Thursday, January 13, 2011

New paper "Mastering Performance with Extended SQL Trace"

Happy New Year.

It’s been a busy few weeks. I finally have something tangible to show for it: “Mastering Performance with Extended SQL Trace” is the new paper I’ve written for this year’s RMOUG conference. Think of it a 15-page update to chapter 5 of Optimizing Oracle Performance.

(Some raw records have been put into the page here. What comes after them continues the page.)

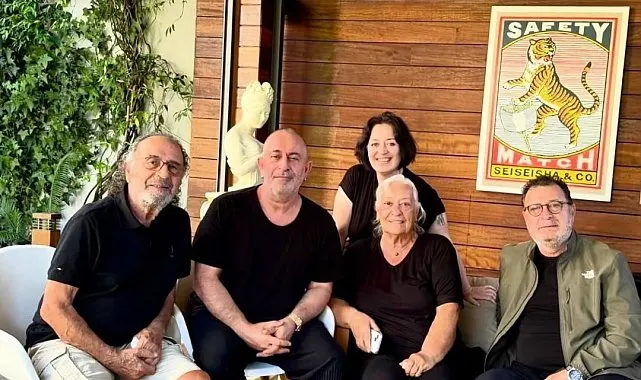 Kalp krizi geçiren Cem Yılmaz'dan mutlu aile fotoğrafı
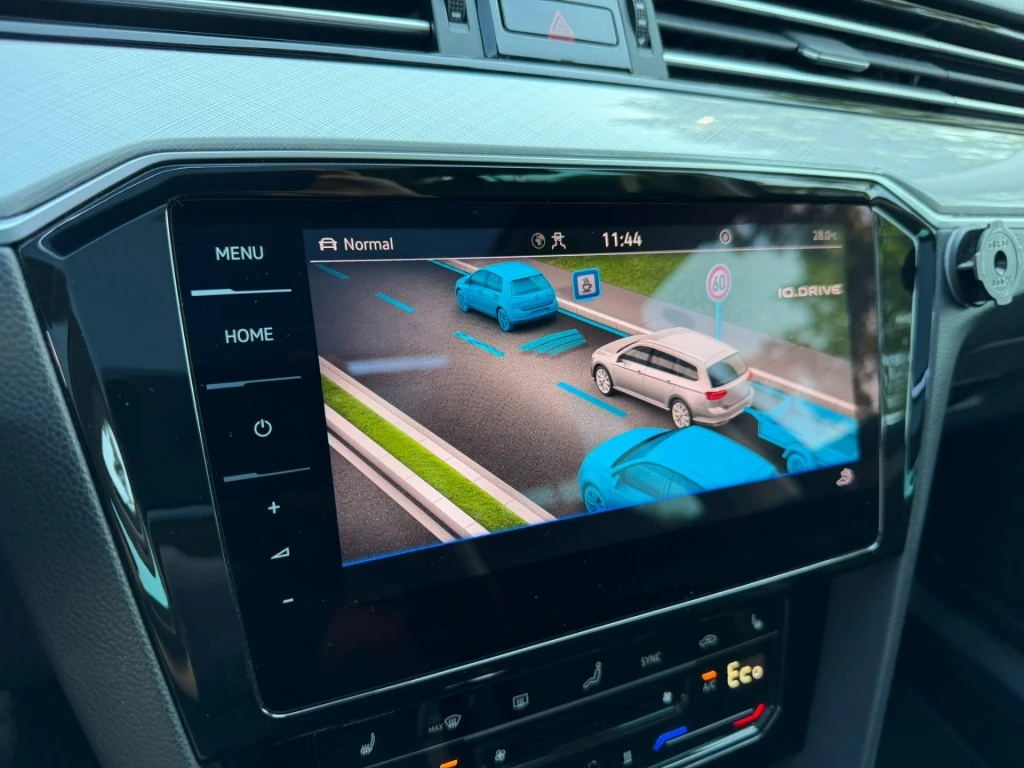 Volkswagen Passat – foto 27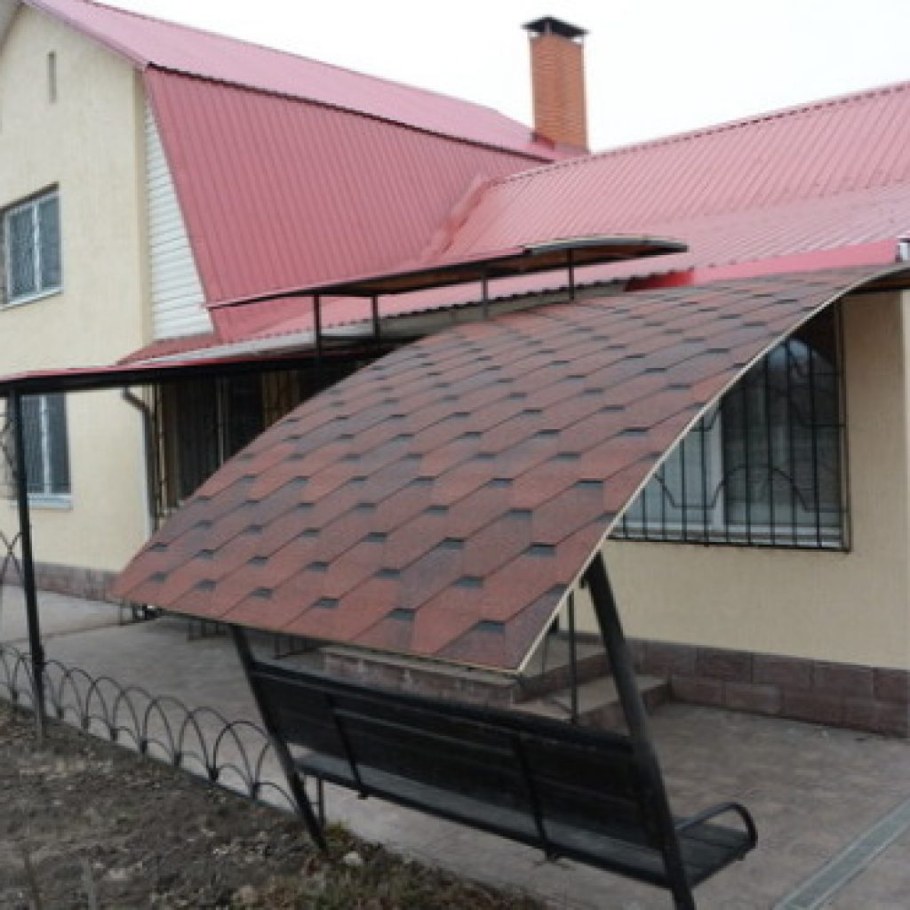 Навес с крышей из мягкой кровли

There’s lots of new detail in there. Some highlights:
  • How to enable and disable traces, even in un-cooperative applications.
  • How to instrument your application so that tracing the right code path during production operation of your application becomes dead simple.
  • How to make that instrumentation highly scalable (think 100,000+ tps).
  • How timestamps since 10.2 allow you to know your recursive call relationships without guessing.
  • How to create response time profiles for calls and groups of calls, with examples.
  • Why you don’t want to be on Oracle 11g prior to 11.2.0.2.0.
I hope you’ll be able to make productive use of it.

10 comments:

Vladimir Begun said...

The trace file alphabet is extended in 11.2.0.2.

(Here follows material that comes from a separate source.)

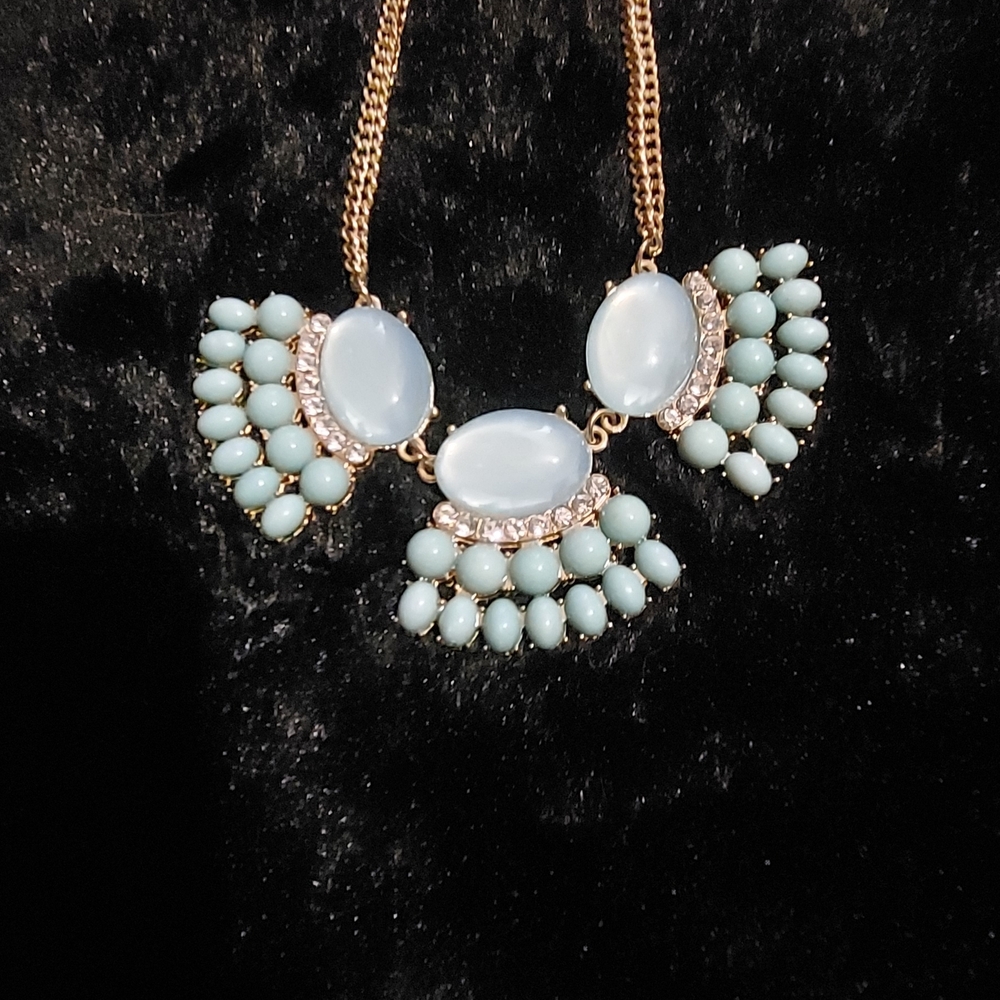 Source Unknown Gold and Blue Necklace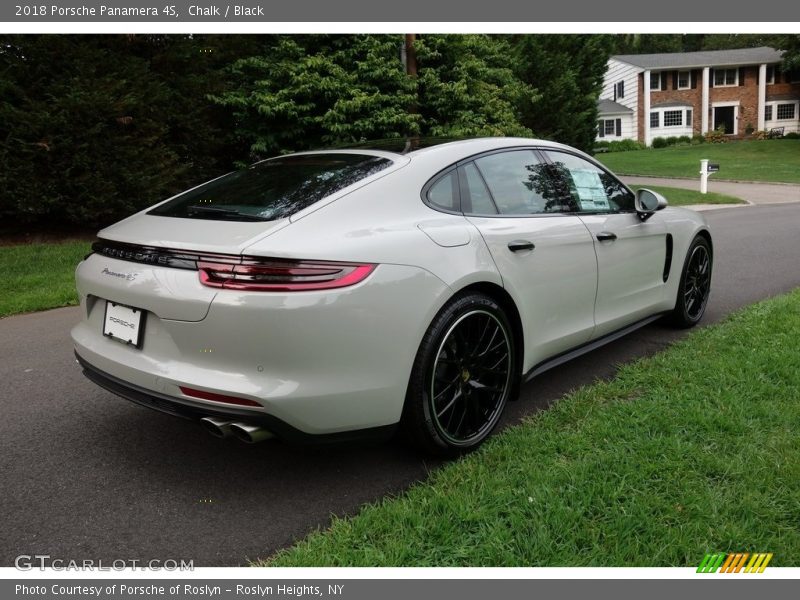 Chalk / Black 2018 Porsche Panamera 4S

http://vbegun.blogspot.com/2010/06/this-is-nice.html

As you can see there are "letters" for LOB related operations, which, of course, is a very useful extension.

Cary Millsap said...

Thank you, Vladimir. We have some studying to do. We're going to figure out whether Oracle simply reclassified LOB read operations as dbcalls. It would be nice if the new dbcalls (LOBREAD for example) still had the capability to throw one or more WAIT lines with the actual syscall data on them. Your example makes it look like that's not the case, but we'll find out.

Cary Millsap said...

Aha: I posted my comment before noticing that you had responded to Jeff's on your blog. What you've shown looks like excellent news. Thank you very much for doing that.

Vladimir Begun said...

:-) No problems. You mentioned 11.2.0.2 and why it's worth to consider using that release but since I have not seen new "alphabet letters" in the article I decided to point to that "small" thing. It just could be a good addition to your article. Play with that, it seems to be a very useful thing.

tb0n3 said...

This was a great paper, thank you! I noticed your footnote on Solaris and microstate accounting, which led me to ask our Unix admins about it. Learned from them that microstate accounting cannot be disabled in Solaris 10, so nice to be able to assume more accuracy on that OS. More info here: http://tinyurl.com/4z2xv54

Cary Millsap said...

tb0n3, thank you; and thank you for the link.

Dallas said...

Another stunningly wonderful paper.

I learned a couple of things, remembered a couple of things I had forgotten, and found a way to make things much easier.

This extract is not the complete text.